Segment Open

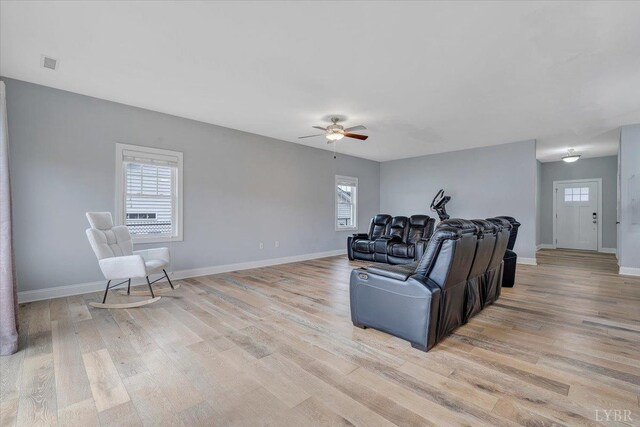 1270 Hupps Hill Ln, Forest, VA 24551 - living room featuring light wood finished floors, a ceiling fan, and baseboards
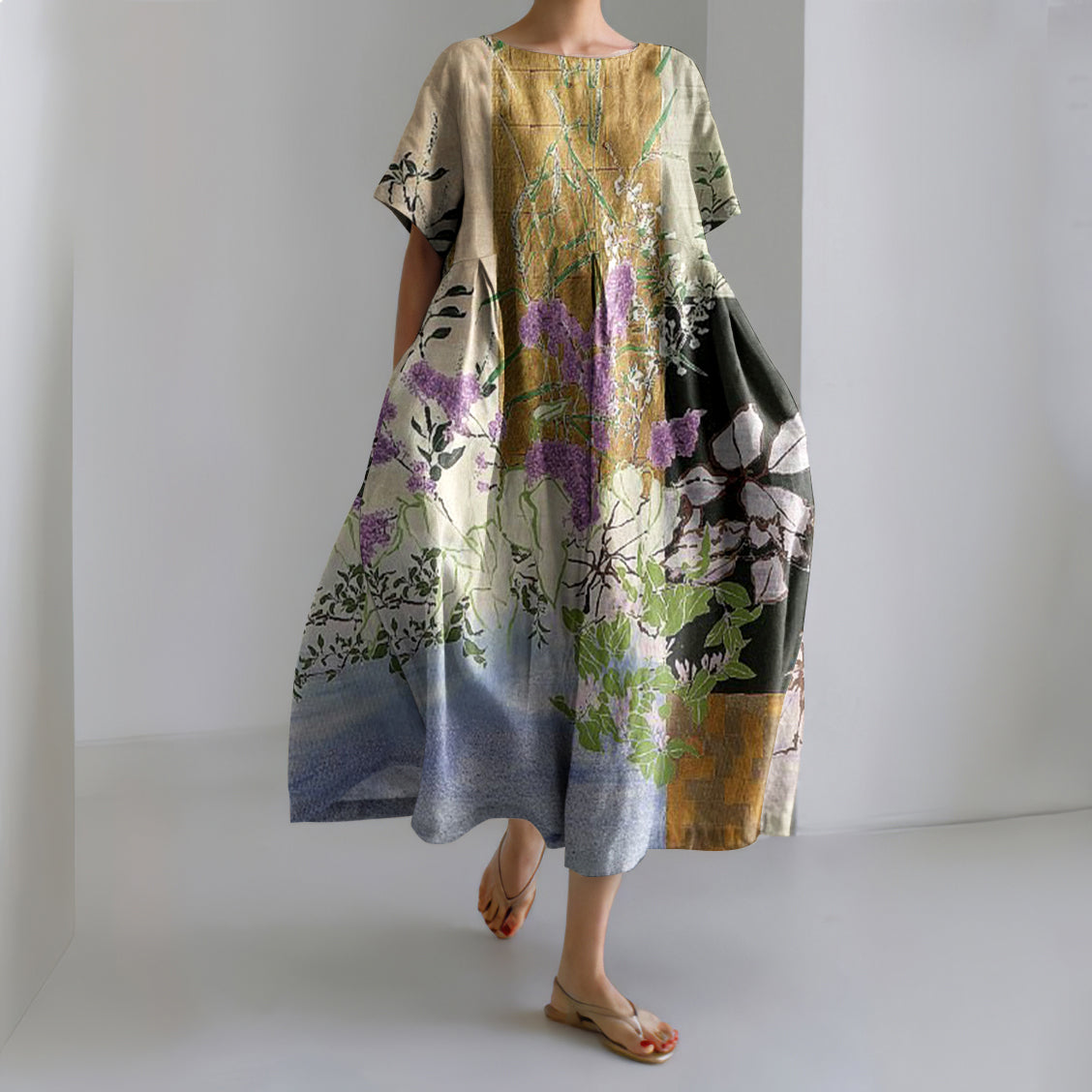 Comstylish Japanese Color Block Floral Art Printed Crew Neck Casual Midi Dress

Segment Closed
Segment Open

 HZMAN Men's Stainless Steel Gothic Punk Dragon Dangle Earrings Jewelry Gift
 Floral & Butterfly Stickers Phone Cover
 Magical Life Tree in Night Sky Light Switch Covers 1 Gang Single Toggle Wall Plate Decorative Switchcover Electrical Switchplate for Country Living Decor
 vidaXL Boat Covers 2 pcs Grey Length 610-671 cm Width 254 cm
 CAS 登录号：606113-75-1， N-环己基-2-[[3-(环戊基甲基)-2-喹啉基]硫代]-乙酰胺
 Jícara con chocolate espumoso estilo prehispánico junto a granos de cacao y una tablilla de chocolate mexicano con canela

Segment Closed

* [WHAT TO PRODUCE]: Reproduce the lines above, beginning at the line with "CAS 登录号：606113-75-1， N-环己基-2-[[3-(环戊基甲基)-2-喹啉基]硫代]-乙酰胺" and stopping after the line with "Jícara con chocolate", exactly as they are.

* [SOLUTION]:
 CAS 登录号：606113-75-1， N-环己基-2-[[3-(环戊基甲基)-2-喹啉基]硫代]-乙酰胺
 Jícara con chocolate espumoso estilo prehispánico junto a granos de cacao y una tablilla de chocolate mexicano con canela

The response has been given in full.